Which lines in the records below contain the word "there"? Copy each of them.

[Collected data entries]

--------

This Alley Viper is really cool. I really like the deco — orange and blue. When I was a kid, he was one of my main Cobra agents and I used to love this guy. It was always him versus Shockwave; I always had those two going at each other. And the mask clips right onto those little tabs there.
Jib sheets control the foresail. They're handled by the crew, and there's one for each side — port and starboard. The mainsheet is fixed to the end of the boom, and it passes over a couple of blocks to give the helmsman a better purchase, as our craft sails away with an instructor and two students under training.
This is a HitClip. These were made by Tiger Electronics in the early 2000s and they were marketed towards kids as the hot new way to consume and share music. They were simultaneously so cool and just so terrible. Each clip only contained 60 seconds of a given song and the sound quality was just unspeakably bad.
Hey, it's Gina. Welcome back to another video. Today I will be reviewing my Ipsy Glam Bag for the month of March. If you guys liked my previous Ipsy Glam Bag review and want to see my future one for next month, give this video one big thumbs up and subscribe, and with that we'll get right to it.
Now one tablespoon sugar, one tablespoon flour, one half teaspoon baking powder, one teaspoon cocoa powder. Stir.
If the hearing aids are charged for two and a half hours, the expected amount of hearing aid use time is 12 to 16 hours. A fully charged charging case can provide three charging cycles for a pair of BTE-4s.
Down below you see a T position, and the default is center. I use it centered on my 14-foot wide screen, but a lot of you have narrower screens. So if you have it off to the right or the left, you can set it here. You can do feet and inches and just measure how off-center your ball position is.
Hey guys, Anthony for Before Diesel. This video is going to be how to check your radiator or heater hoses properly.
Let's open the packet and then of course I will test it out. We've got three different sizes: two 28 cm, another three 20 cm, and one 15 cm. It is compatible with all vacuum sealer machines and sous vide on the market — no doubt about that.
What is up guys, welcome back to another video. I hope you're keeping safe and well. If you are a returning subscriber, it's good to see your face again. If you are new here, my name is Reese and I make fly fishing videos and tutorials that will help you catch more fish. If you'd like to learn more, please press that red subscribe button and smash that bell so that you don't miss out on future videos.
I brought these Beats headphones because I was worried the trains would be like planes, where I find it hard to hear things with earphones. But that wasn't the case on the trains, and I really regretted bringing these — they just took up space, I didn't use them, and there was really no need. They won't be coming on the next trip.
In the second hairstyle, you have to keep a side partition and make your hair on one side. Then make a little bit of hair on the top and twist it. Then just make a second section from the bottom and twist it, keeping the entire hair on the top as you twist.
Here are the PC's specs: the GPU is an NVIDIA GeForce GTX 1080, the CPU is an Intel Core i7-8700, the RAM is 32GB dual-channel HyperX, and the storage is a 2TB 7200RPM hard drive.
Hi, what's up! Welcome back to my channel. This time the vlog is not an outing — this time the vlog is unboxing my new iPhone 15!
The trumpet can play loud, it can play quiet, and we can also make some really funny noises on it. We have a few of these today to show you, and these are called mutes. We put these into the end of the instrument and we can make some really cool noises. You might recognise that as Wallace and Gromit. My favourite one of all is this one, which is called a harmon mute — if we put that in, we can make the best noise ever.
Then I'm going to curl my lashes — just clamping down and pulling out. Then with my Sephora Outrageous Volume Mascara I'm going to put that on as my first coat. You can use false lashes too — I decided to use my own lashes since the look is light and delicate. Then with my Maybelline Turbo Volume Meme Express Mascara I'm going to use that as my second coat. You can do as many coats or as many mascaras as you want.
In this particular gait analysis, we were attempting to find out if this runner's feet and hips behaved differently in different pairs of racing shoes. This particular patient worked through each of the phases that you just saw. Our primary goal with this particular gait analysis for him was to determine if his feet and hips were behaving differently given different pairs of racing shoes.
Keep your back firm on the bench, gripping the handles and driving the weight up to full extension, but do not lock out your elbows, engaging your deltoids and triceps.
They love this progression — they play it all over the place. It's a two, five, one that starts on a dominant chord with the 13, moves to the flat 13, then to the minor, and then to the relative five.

--------

# Answer to this exercise
This Alley Viper is really cool. I really like the deco — orange and blue. When I was a kid, he was one of my main Cobra agents and I used to love this guy. It was always him versus Shockwave; I always had those two going at each other. And the mask clips right onto those little tabs there.
Jib sheets control the foresail. They're handled by the crew, and there's one for each side — port and starboard. The mainsheet is fixed to the end of the boom, and it passes over a couple of blocks to give the helmsman a better purchase, as our craft sails away with an instructor and two students under training.
I brought these Beats headphones because I was worried the trains would be like planes, where I find it hard to hear things with earphones. But that wasn't the case on the trains, and I really regretted bringing these — they just took up space, I didn't use them, and there was really no need. They won't be coming on the next trip.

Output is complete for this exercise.